┌─ Provided data

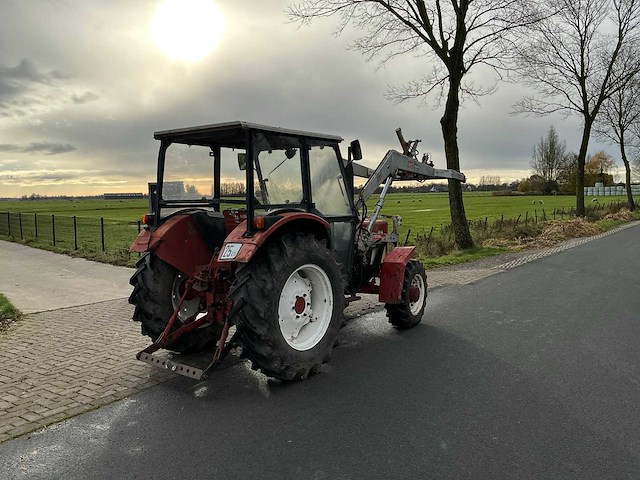 International 733 4x4 vierwielaangedreven landbouwtractor - afbeelding 22 van  25
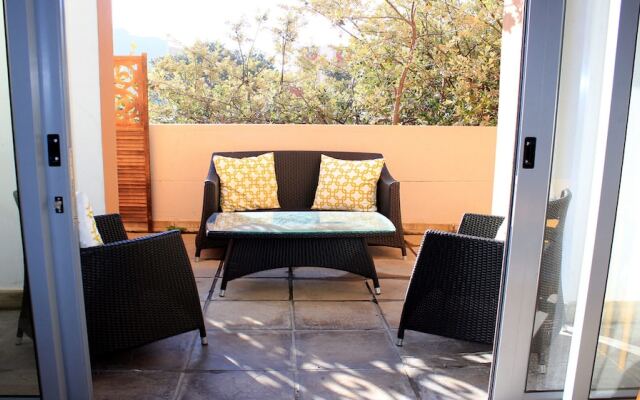 Sunlit Apartment Muizenberg Beachfront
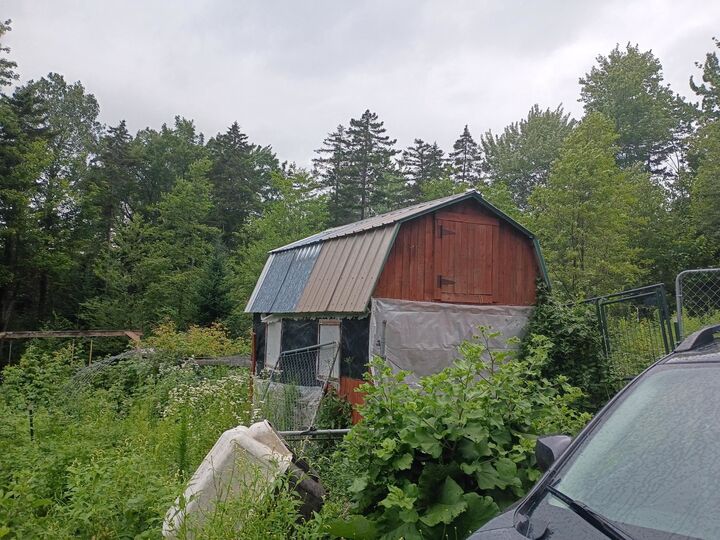 Property Photo: 115 Smith Road VT 05641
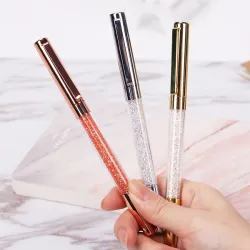 Stylo à bille avec des cristaux de diamant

└─

Every line from the one bearing "Property Photo: 115 Smith Road VT 05641" through the end of the data above must be output exactly, and no picture may appear.

Solution:
 Property Photo: 115 Smith Road VT 05641
 Stylo à bille avec des cristaux de diamant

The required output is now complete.